▶ [Excerpted data]:
☆ ☆ ☆ ☆ ☆
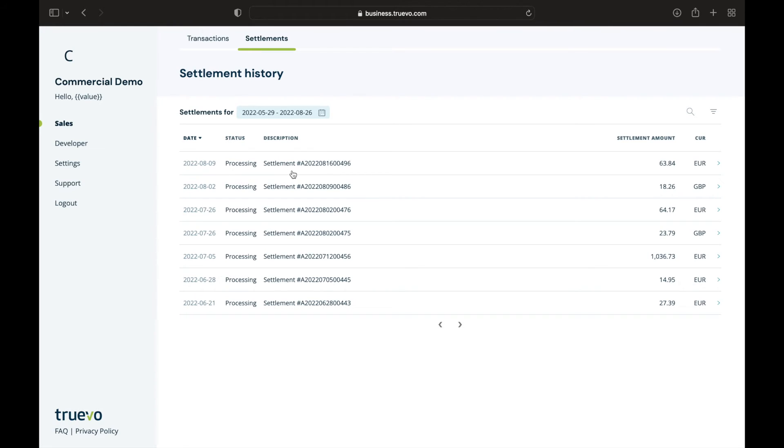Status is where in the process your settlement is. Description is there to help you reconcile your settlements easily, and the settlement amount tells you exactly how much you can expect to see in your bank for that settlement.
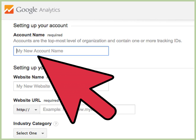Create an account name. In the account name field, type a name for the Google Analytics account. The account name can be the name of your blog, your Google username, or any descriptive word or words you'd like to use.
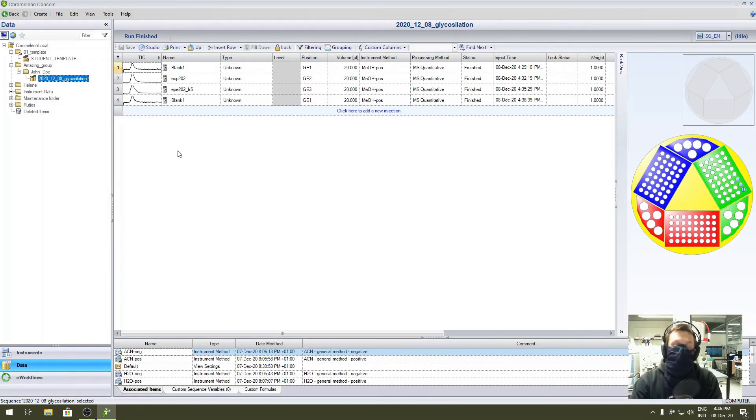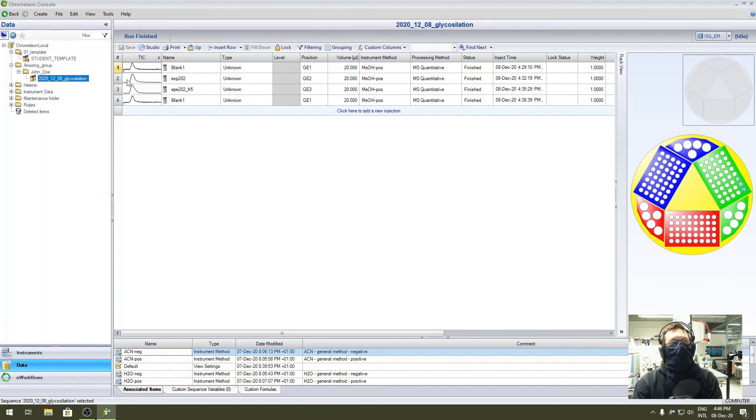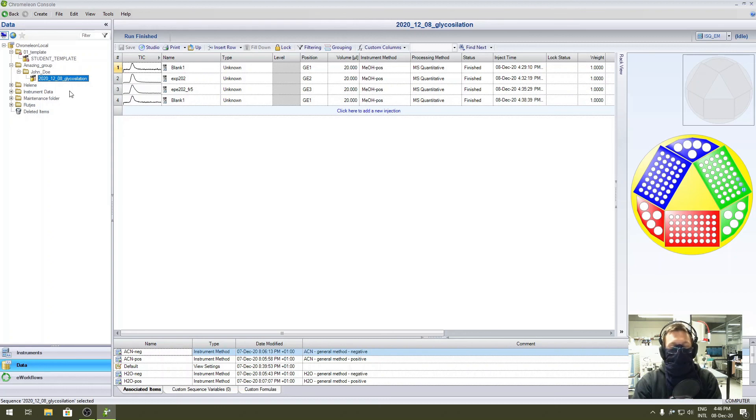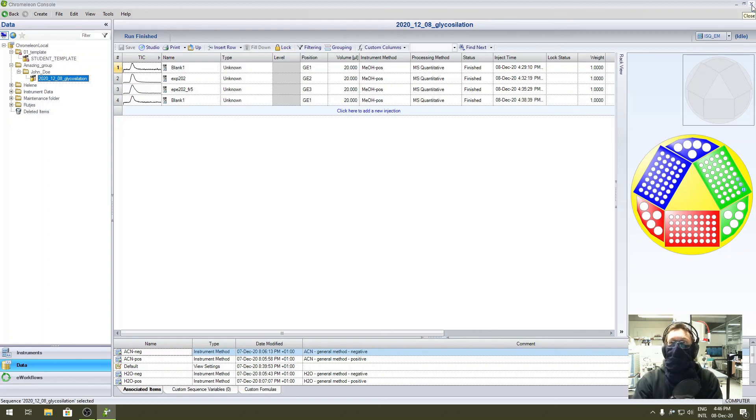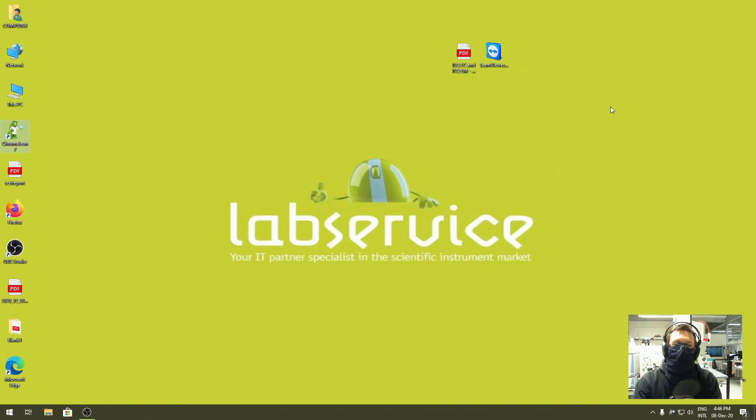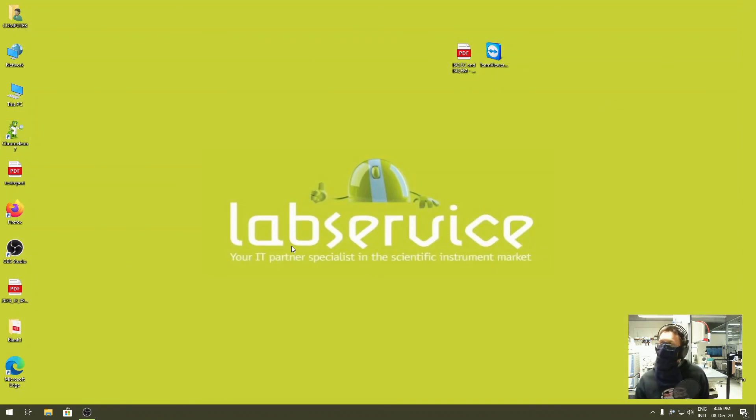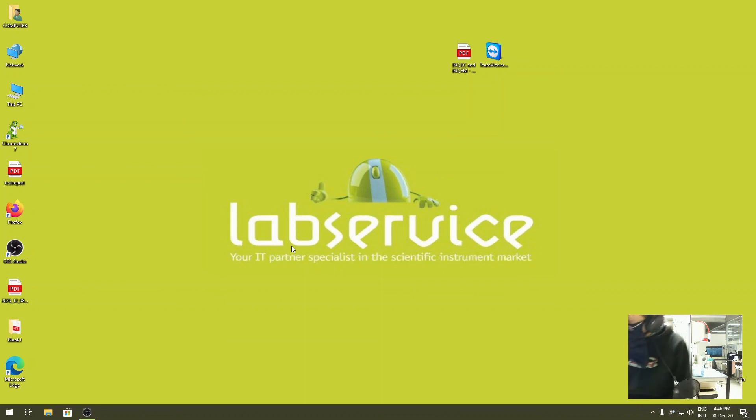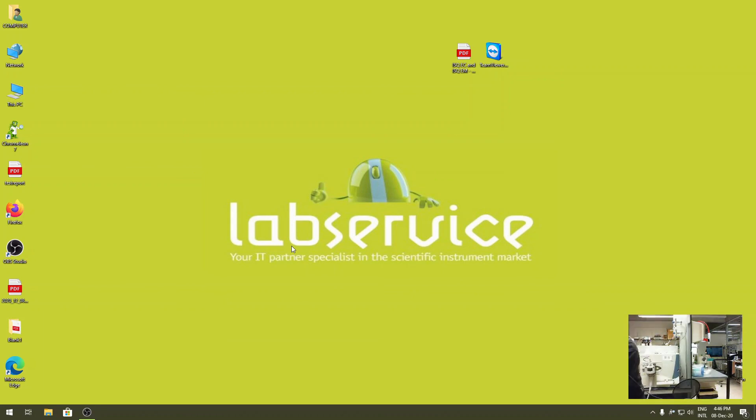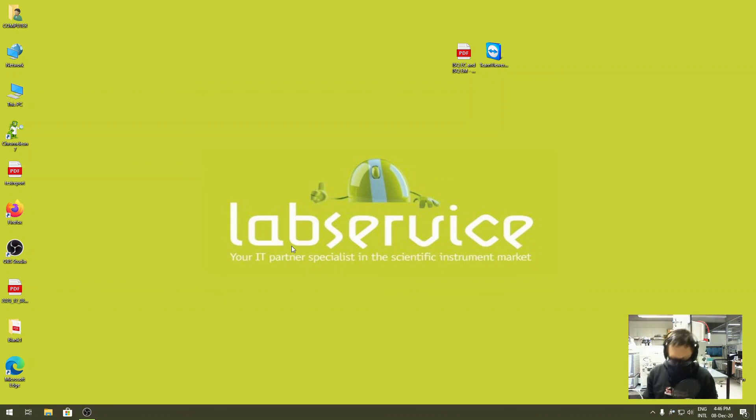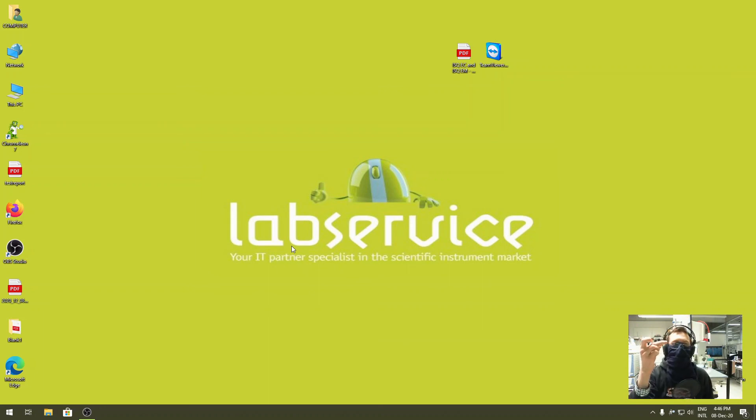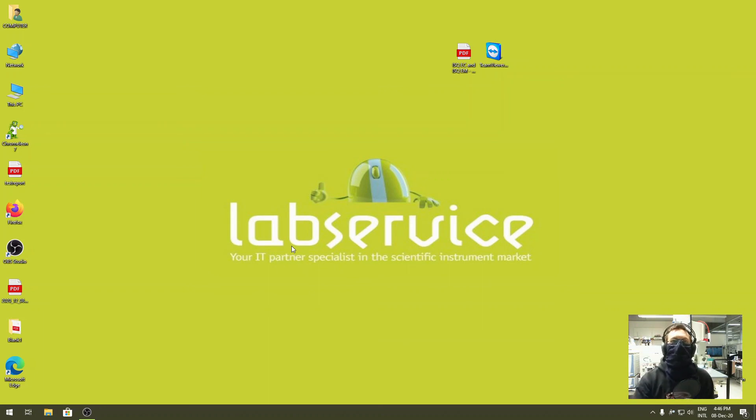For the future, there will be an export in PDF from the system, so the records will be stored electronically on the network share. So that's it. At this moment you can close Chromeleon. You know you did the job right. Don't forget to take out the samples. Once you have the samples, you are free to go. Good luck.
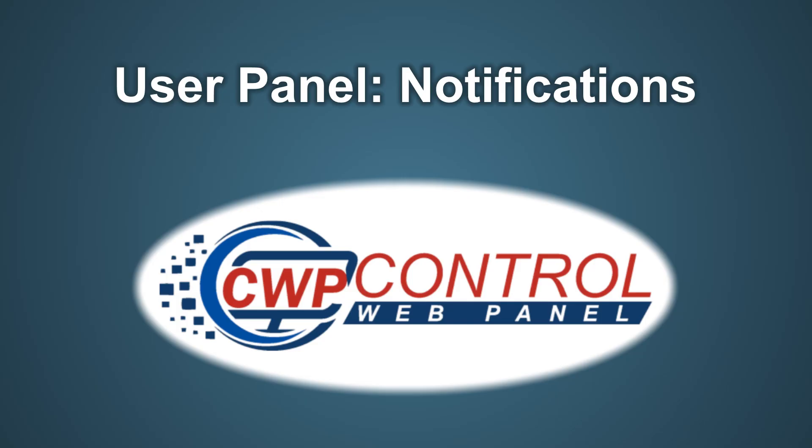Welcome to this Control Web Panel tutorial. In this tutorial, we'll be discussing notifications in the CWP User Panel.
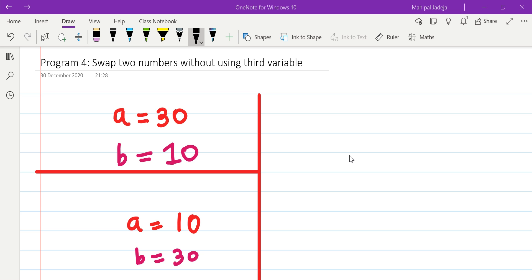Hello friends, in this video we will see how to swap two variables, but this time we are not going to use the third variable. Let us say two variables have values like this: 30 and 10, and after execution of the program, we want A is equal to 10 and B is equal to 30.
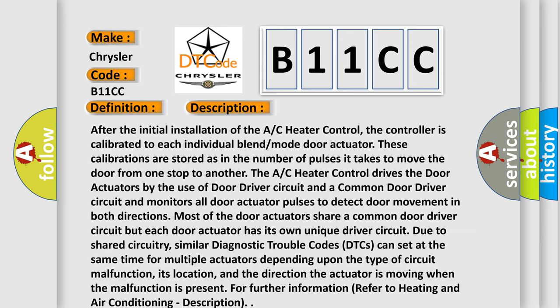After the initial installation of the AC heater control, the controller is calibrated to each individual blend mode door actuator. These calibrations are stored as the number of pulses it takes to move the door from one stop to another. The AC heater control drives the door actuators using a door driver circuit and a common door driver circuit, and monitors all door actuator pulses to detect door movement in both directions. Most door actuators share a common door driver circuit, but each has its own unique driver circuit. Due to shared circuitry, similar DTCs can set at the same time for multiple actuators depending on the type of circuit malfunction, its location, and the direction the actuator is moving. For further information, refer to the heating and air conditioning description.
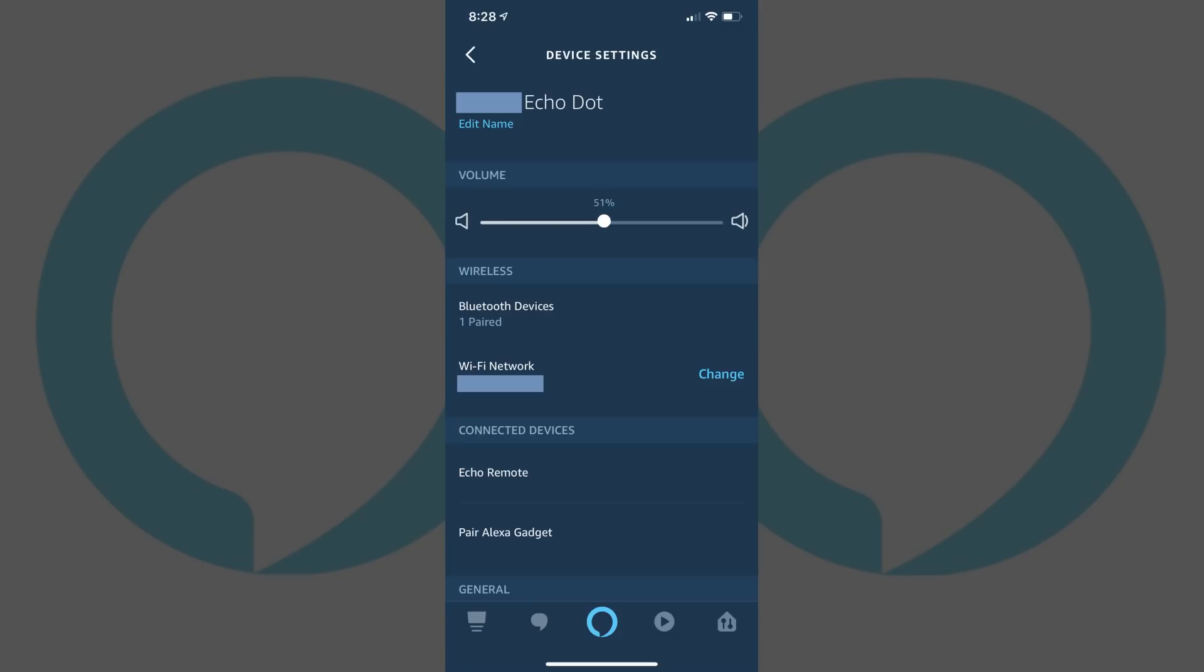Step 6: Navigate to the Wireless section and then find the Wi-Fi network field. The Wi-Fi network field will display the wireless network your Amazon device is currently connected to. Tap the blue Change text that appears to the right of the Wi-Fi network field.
☆ ☆ ☆ ☆ ☆
▶ [Your goal]: Taking the records above, print only and exactly the lines from the line with "Create an account" to the line with "Hello friends, in", both kept, and exclude pictures.

▶ [Output]:
Create an account name. In the account name field, type a name for the Google Analytics account. The account name can be the name of your blog, your Google username, or any descriptive word or words you'd like to use.
For the future, there will be an export in PDF from the system, so the records will be stored electronically on the network share. So that's it. At this moment you can close Chromeleon. You know you did the job right. Don't forget to take out the samples. Once you have the samples, you are free to go. Good luck.
Welcome to this Control Web Panel tutorial. In this tutorial, we'll be discussing notifications in the CWP User Panel.
Hello friends, in this video we will see how to swap two variables, but this time we are not going to use the third variable. Let us say two variables have values like this: 30 and 10, and after execution of the program, we want A is equal to 10 and B is equal to 30.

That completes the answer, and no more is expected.